--- In [email protected], "Sheri" <sheri...@...> wrote:
>
> > > First, the unicode.dll text case routines, must not be handling the
> > > exceptions.
> > I use API functions CharUpperW, CharLowerL: whatever they spew
> > out, is what you get. If can find any other simple-ish way to
> > case convert unicode, let me know.
>
> However it is doing it is ok with me.
I'll update docs to mention exceptions
> > > Second, the unicode plugin is not handling all the possible numeric
> > > values given in the unicode tables. It apparently should go much higher
> > > than 65280.
> >
> > > For example:
> > > local test=unicode.from_num(0x10400)

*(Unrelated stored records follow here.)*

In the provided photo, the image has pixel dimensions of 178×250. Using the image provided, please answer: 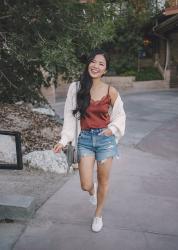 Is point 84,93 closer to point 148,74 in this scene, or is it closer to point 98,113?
point 98,113

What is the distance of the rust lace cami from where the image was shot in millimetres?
4121

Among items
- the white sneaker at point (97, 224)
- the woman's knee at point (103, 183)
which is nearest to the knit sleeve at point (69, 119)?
the woman's knee at point (103, 183)

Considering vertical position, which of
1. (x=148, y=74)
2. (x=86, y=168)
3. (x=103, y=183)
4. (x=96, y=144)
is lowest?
(x=148, y=74)

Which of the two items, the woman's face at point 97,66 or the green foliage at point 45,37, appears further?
the green foliage at point 45,37

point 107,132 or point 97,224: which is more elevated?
point 107,132

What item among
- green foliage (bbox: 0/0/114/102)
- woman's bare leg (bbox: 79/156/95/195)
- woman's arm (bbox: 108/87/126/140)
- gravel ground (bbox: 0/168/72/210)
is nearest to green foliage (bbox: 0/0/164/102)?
green foliage (bbox: 0/0/114/102)

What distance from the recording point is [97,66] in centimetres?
417

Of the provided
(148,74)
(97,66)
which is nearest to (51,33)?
(97,66)

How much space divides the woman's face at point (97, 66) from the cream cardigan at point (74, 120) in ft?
0.73

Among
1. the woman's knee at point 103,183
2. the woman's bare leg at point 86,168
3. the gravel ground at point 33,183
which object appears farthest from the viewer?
the gravel ground at point 33,183

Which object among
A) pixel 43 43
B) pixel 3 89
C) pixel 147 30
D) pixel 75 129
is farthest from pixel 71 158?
pixel 147 30

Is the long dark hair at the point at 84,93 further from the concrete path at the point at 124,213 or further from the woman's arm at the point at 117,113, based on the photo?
the concrete path at the point at 124,213

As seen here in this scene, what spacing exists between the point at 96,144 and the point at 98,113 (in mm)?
292

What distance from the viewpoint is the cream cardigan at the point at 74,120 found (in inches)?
164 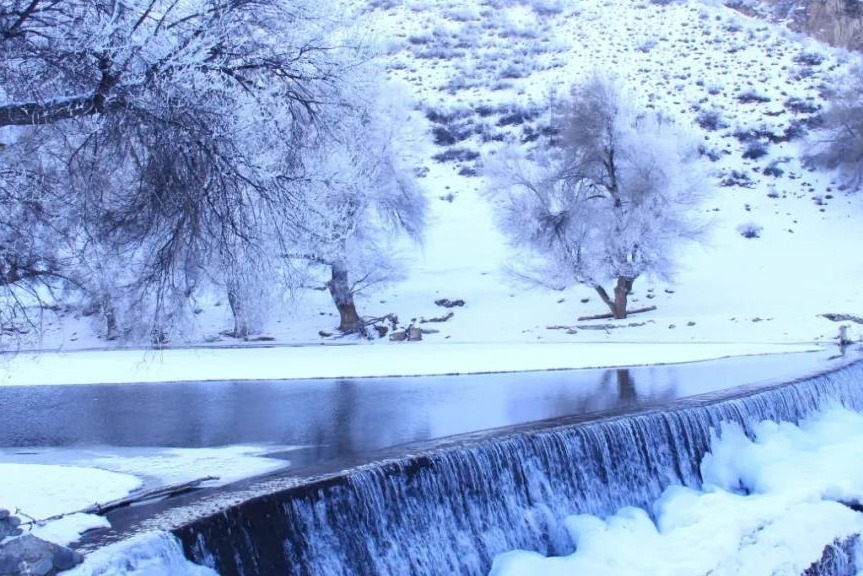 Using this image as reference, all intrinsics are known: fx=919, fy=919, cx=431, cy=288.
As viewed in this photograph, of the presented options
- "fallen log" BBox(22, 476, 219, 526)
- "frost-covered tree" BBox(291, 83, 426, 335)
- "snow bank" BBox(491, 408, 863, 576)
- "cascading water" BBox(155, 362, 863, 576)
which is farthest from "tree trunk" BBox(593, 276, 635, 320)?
"fallen log" BBox(22, 476, 219, 526)

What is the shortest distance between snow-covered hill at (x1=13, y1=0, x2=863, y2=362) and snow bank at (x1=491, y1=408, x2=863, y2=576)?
5150mm

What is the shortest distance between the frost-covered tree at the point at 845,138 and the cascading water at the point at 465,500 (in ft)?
79.7

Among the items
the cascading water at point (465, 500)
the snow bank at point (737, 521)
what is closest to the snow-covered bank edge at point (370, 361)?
the snow bank at point (737, 521)

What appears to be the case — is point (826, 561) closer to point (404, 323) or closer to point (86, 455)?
point (86, 455)

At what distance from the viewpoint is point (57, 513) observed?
711 centimetres

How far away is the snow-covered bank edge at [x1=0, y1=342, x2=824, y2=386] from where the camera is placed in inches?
661

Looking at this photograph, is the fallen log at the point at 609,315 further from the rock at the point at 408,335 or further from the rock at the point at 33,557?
the rock at the point at 33,557

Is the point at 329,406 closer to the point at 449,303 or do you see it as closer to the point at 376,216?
the point at 376,216

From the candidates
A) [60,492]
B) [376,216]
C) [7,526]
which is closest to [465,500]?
[60,492]

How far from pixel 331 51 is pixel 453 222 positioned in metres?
26.1

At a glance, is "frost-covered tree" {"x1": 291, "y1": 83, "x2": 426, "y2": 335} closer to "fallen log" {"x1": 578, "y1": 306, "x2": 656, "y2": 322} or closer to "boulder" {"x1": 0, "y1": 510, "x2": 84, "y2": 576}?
"fallen log" {"x1": 578, "y1": 306, "x2": 656, "y2": 322}

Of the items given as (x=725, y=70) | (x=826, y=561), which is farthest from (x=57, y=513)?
(x=725, y=70)

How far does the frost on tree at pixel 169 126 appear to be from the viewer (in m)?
5.35

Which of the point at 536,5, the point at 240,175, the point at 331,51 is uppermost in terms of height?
the point at 536,5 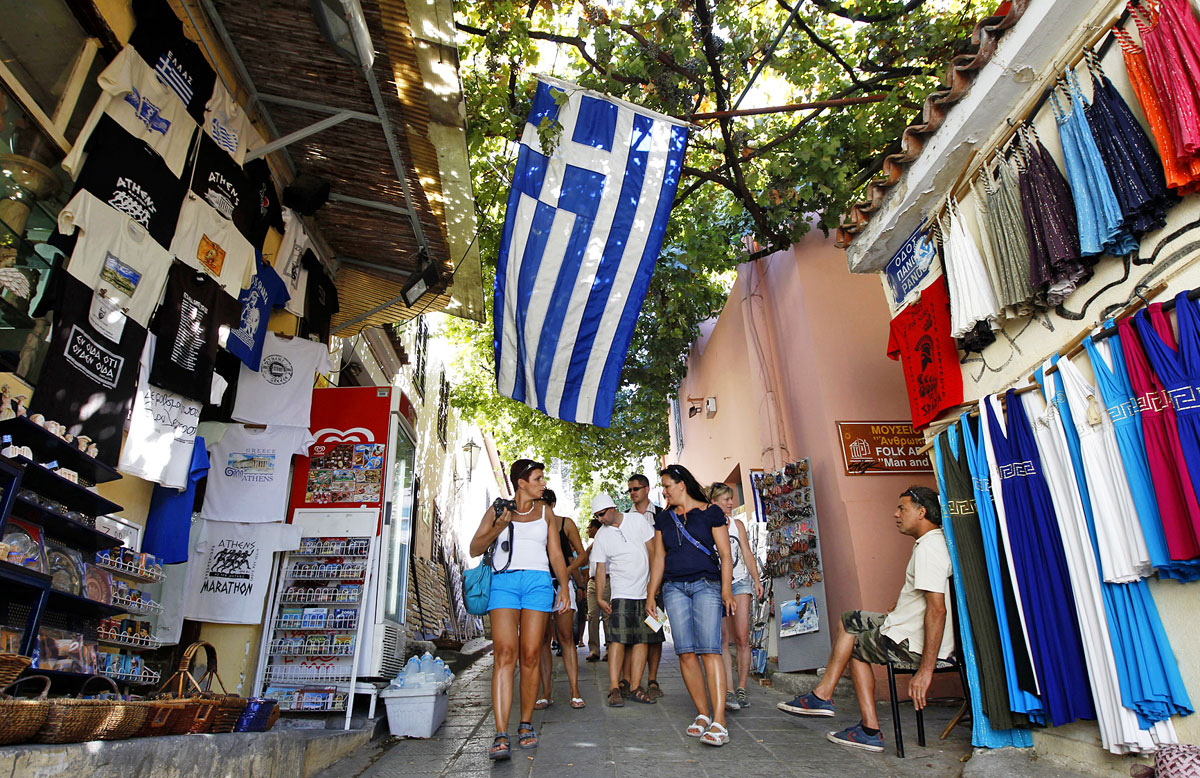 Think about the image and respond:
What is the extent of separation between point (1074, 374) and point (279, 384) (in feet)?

> > > ;;error, but should be DESERET CAPITAL LETTER LONG I
> > > unicode.messagebox("ok", test)
> >
> > Unicode characters in windows, AFAIK, are defined as something that fits in
> > a wide character.
> >
> > WCHAR == unsigned short int == 2 bytes == max 65,535
>
> You should change the doc for unicode.dll (it says 65280)
will do
> I learned that Unicode characters up to 0xFFFF are called "bmp characters".
> Bmp is short for "basic multilingual plane". But looking at UnicodeData.txt,
> there are more than 4600 additional characters defined beyond that in Unicode
> 5.1, plus a couple of reserved ranges. Only about 80 of them have a concept
> of text case.
>
> I confess that I don't really understand it, but Windows supposedly uses
> "surrogate pairs" for (some?) non-bmp data.
>
> <http://en.wikipedia.org/wiki/UTF-16/UCS-2>
Nice article.
http://unicode.org/iuc/iuc18/papers/a8.ppt
suggests a fairly straighforward way to convert non-bmp characters.
Who knew?
...snip....
> > That's useful: worst case (pun sorry) is converted string could
> > be three times as long as original (e.g. if all chars 006B and
> > want to become 212A), so if I pad out the buffer I use to
> > accumulate replacement pattern results accordngly, should be
> > safe.
>
> That one is not reversible. If upcasing a lower case "k" it will be "K", not
> ⪠(Capital Kelvin). So double, at worst.
Okay, thanks
> Another thing I learned is that if you convert the bytes of utf8 characters
> to binary, you can determine for each byte from its bits whether the byte is
> a single-byte ascii character, or a leading byte or continuation byte of a
> multibyte character. If it is a leading byte, how many bytes are in the
> character.
> <http://en.wikipedia.org/wiki/UTF-8>
Could be useful. Ta.